_Exercise objective_
From the first line to the last, output the entries exactly.

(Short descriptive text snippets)

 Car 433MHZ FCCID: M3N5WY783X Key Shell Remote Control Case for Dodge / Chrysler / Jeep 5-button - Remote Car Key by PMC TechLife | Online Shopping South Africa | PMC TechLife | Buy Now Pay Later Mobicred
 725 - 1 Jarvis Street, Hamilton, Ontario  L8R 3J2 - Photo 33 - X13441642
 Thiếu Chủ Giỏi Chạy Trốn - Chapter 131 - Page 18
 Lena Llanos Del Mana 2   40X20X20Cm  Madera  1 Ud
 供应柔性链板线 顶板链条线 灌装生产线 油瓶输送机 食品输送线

_Task answer_
 Car 433MHZ FCCID: M3N5WY783X Key Shell Remote Control Case for Dodge / Chrysler / Jeep 5-button - Remote Car Key by PMC TechLife | Online Shopping South Africa | PMC TechLife | Buy Now Pay Later Mobicred
 725 - 1 Jarvis Street, Hamilton, Ontario  L8R 3J2 - Photo 33 - X13441642
 Thiếu Chủ Giỏi Chạy Trốn - Chapter 131 - Page 18
 Lena Llanos Del Mana 2   40X20X20Cm  Madera  1 Ud
 供应柔性链板线 顶板链条线 灌装生产线 油瓶输送机 食品输送线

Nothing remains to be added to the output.